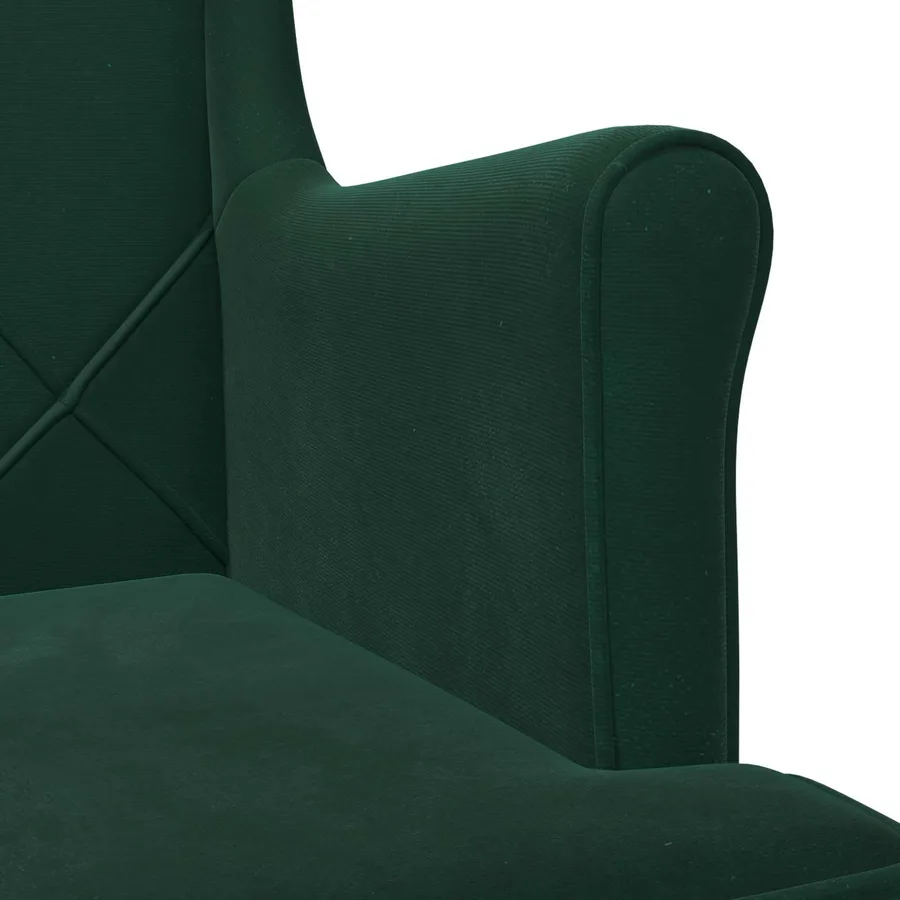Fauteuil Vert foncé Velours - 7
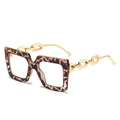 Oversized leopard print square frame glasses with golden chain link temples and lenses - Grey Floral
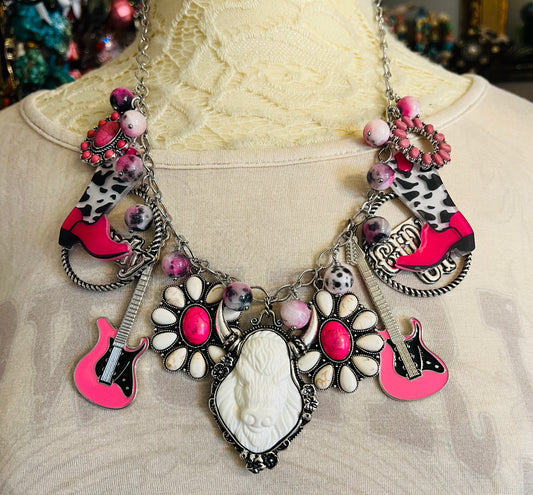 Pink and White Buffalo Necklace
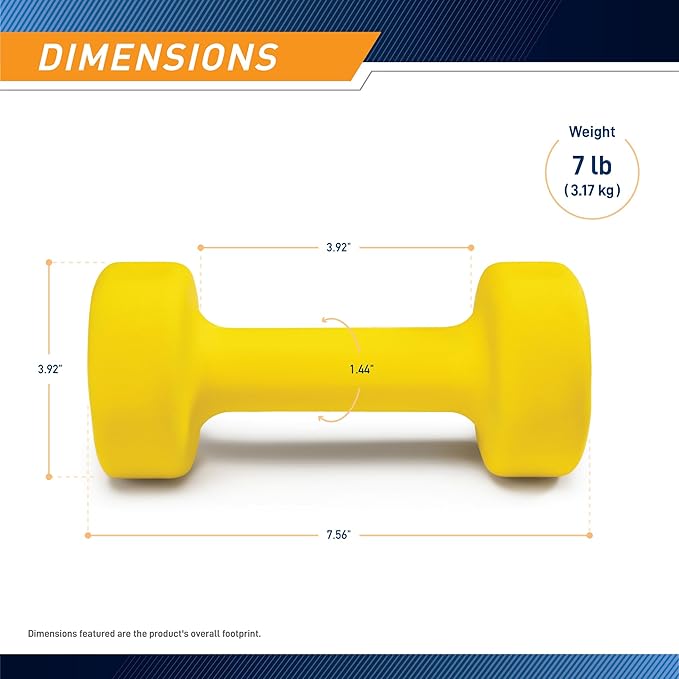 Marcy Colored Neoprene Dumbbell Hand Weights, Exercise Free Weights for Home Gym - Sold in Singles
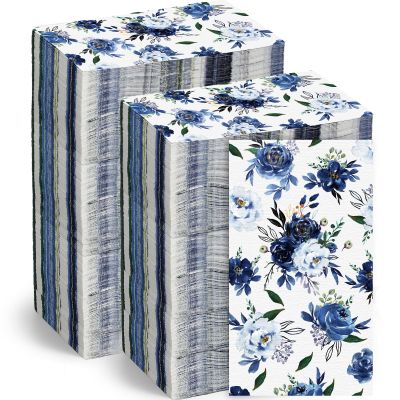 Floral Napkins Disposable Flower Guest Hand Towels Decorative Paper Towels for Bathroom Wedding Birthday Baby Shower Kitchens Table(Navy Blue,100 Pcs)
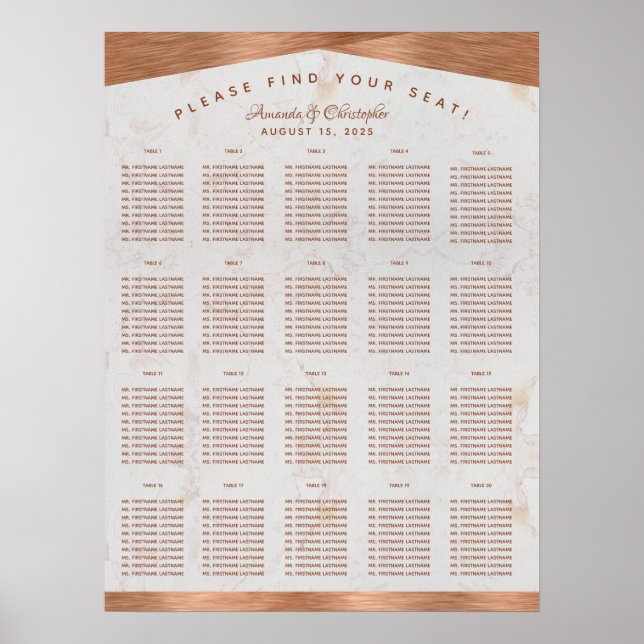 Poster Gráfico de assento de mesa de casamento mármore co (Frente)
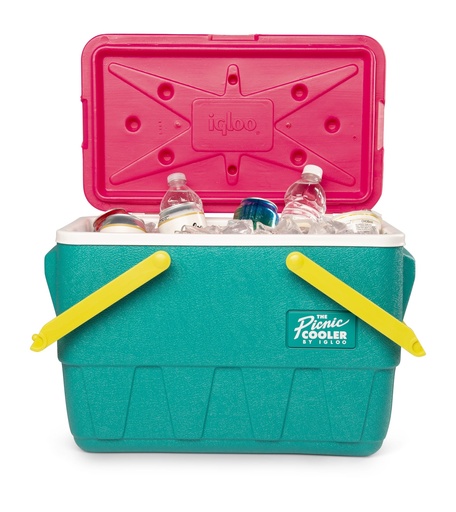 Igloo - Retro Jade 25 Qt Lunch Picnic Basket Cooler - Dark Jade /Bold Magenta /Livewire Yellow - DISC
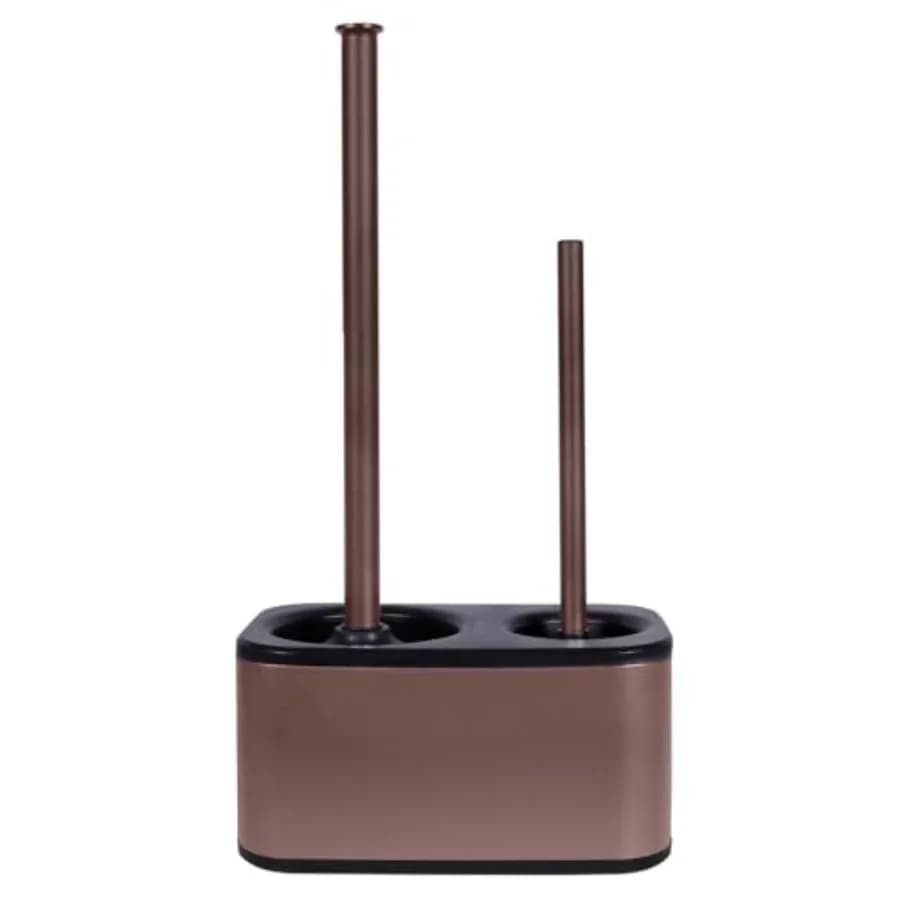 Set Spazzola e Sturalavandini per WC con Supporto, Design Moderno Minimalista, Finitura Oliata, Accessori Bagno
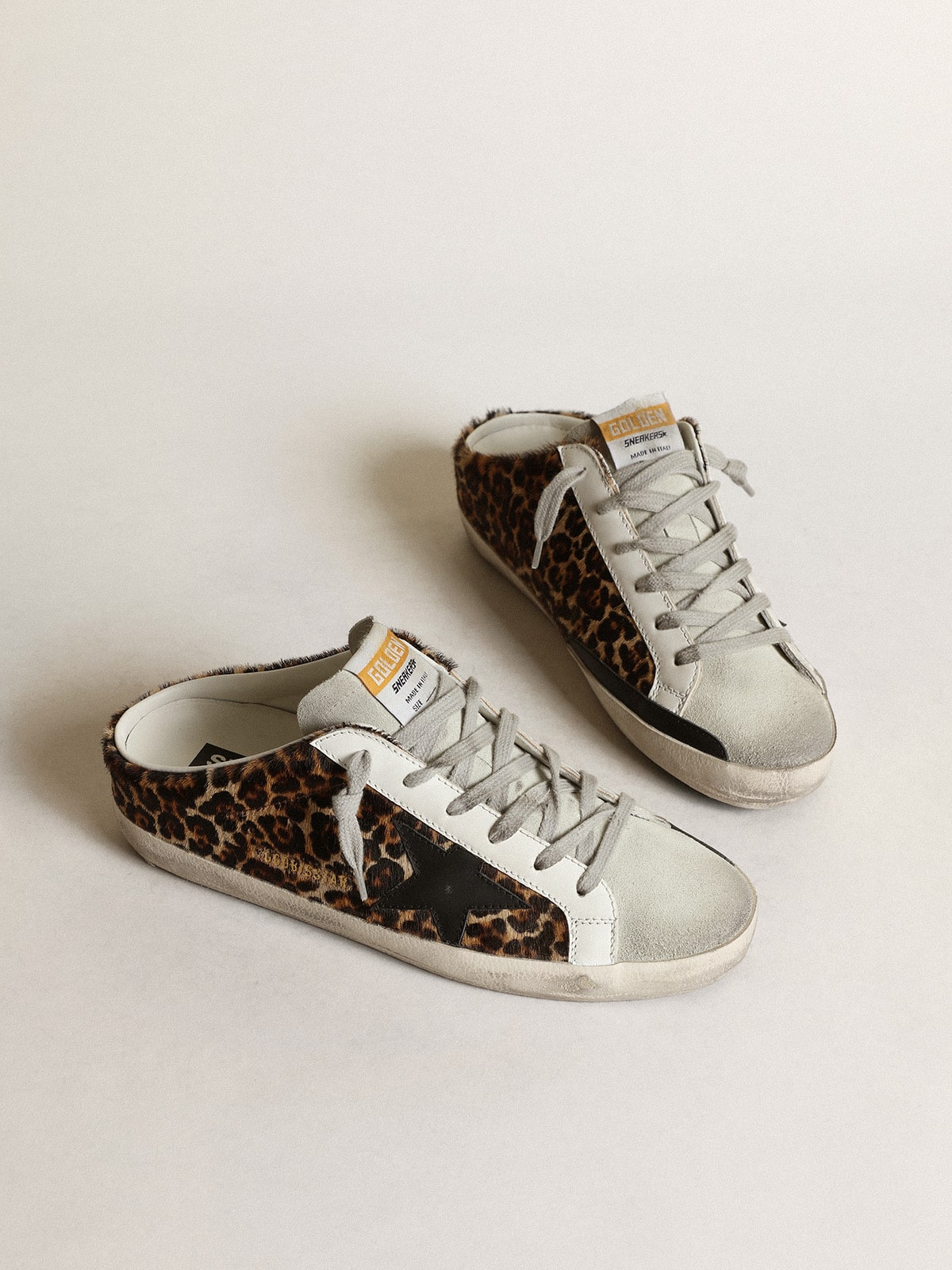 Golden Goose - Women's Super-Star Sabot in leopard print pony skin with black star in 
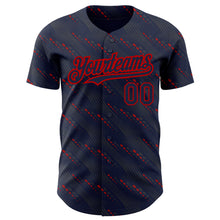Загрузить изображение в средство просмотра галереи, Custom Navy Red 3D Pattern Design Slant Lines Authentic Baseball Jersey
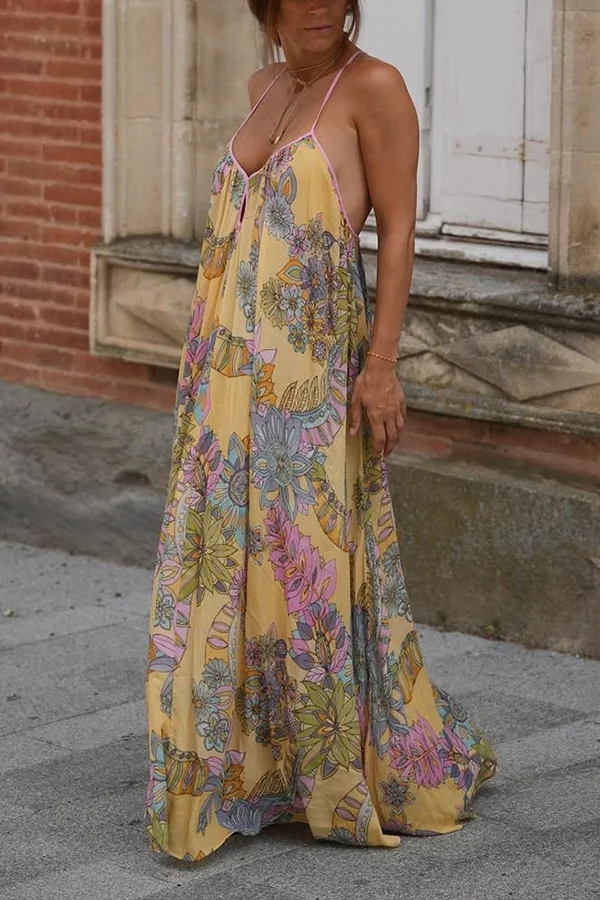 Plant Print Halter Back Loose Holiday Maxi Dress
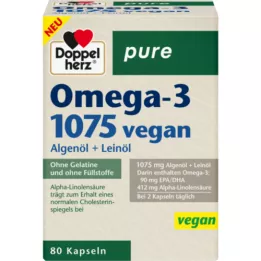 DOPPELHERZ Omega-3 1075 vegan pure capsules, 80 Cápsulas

#####

Word-for-word restatement: every line from the one with "Pink and White Buffalo Necklace" through the final line of the data, both ends included, pictures excluded.

**RESPONSE BOX:**
 Pink and White Buffalo Necklace
 Marcy Colored Neoprene Dumbbell Hand Weights, Exercise Free Weights for Home Gym - Sold in Singles
 Floral Napkins Disposable Flower Guest Hand Towels Decorative Paper Towels for Bathroom Wedding Birthday Baby Shower Kitchens Table(Navy Blue,100 Pcs)
 Poster Gráfico de assento de mesa de casamento mármore co (Frente)
 Igloo - Retro Jade 25 Qt Lunch Picnic Basket Cooler - Dark Jade /Bold Magenta /Livewire Yellow - DISC
 Set Spazzola e Sturalavandini per WC con Supporto, Design Moderno Minimalista, Finitura Oliata, Accessori Bagno
 Golden Goose - Women's Super-Star Sabot in leopard print pony skin with black star in 
Загрузить изображение в средство просмотра галереи, Custom Navy Red 3D Pattern Design Slant Lines Authentic Baseball Jersey
 Plant Print Halter Back Loose Holiday Maxi Dress
 DOPPELHERZ Omega-3 1075 vegan pure capsules, 80 Cápsulas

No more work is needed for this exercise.